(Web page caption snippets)
◆ ◆ ◆ ◆

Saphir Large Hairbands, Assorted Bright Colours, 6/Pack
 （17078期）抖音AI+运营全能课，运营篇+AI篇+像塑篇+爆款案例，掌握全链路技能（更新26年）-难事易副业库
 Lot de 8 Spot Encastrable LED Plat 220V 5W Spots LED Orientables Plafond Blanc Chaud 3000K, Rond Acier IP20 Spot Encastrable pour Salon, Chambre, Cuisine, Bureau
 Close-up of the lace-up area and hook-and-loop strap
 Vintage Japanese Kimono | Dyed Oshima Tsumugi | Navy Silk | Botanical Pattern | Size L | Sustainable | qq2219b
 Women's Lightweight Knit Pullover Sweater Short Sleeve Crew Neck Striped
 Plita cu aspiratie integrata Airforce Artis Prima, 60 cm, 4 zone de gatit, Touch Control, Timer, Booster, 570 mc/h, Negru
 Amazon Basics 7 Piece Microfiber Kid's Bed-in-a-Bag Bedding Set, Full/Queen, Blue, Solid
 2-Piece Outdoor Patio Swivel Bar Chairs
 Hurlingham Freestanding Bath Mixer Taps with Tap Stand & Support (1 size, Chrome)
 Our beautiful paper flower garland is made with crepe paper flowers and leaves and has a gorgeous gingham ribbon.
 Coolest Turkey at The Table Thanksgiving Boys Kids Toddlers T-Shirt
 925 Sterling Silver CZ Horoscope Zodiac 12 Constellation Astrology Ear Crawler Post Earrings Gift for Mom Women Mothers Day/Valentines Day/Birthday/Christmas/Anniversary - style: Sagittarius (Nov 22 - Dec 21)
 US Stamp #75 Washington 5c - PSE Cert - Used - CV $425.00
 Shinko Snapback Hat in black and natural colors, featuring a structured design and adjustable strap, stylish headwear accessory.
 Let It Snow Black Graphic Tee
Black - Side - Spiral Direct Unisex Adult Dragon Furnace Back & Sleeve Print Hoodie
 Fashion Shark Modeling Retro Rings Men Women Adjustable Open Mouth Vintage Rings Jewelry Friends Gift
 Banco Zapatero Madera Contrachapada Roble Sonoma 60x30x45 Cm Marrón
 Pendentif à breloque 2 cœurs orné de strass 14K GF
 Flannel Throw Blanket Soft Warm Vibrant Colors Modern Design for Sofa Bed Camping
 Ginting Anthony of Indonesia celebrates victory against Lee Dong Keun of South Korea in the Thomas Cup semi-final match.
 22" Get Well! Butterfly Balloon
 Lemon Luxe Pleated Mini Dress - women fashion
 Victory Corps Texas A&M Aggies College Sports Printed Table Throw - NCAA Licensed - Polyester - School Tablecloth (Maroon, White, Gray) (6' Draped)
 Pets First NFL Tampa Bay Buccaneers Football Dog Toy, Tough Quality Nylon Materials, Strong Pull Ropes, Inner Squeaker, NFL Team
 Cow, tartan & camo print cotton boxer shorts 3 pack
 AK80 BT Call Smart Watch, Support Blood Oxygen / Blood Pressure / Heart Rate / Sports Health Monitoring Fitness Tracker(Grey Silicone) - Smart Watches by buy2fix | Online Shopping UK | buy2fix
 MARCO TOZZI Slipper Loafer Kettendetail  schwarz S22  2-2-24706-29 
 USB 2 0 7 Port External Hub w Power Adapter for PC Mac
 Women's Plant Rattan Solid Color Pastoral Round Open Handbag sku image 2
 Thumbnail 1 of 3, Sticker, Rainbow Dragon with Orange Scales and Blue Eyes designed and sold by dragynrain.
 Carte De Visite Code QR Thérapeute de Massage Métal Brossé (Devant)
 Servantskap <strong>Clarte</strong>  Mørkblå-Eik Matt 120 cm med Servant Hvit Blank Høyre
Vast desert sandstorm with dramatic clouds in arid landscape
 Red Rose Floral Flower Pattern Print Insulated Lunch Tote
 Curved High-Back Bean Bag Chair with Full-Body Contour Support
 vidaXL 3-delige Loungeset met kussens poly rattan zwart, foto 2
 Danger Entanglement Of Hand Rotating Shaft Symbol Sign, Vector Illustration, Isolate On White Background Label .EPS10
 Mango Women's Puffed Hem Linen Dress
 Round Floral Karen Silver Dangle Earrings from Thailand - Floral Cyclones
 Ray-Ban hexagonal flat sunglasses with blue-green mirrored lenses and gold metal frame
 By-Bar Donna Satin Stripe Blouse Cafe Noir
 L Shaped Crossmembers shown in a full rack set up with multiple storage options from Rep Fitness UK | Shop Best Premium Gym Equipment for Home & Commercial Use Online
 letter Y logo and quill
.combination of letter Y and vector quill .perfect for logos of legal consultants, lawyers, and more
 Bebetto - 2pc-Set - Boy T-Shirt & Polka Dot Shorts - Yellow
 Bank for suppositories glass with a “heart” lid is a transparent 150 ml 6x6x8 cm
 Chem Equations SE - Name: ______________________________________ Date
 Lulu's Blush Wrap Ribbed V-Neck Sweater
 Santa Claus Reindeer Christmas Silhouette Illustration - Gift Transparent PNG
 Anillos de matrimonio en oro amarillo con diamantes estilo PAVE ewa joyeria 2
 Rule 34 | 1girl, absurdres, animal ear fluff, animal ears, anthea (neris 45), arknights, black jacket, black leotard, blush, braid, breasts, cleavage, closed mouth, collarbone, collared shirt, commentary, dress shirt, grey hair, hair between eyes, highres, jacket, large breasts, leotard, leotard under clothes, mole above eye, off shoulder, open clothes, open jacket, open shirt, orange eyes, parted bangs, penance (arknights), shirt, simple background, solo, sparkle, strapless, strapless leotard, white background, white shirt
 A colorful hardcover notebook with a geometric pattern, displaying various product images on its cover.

◆ ◆ ◆ ◆

- **Action item**: Print exactly the lines above, between the one holding "2-Piece Outdoor Patio Swivel Bar Chairs" and the one holding "Flannel Throw Blanket", inclusive, and nothing besides.

- **Task result**:
 2-Piece Outdoor Patio Swivel Bar Chairs
 Hurlingham Freestanding Bath Mixer Taps with Tap Stand & Support (1 size, Chrome)
 Our beautiful paper flower garland is made with crepe paper flowers and leaves and has a gorgeous gingham ribbon.
 Coolest Turkey at The Table Thanksgiving Boys Kids Toddlers T-Shirt
 925 Sterling Silver CZ Horoscope Zodiac 12 Constellation Astrology Ear Crawler Post Earrings Gift for Mom Women Mothers Day/Valentines Day/Birthday/Christmas/Anniversary - style: Sagittarius (Nov 22 - Dec 21)
 US Stamp #75 Washington 5c - PSE Cert - Used - CV $425.00
 Shinko Snapback Hat in black and natural colors, featuring a structured design and adjustable strap, stylish headwear accessory.
 Let It Snow Black Graphic Tee
Black - Side - Spiral Direct Unisex Adult Dragon Furnace Back & Sleeve Print Hoodie
 Fashion Shark Modeling Retro Rings Men Women Adjustable Open Mouth Vintage Rings Jewelry Friends Gift
 Banco Zapatero Madera Contrachapada Roble Sonoma 60x30x45 Cm Marrón
 Pendentif à breloque 2 cœurs orné de strass 14K GF
 Flannel Throw Blanket Soft Warm Vibrant Colors Modern Design for Sofa Bed Camping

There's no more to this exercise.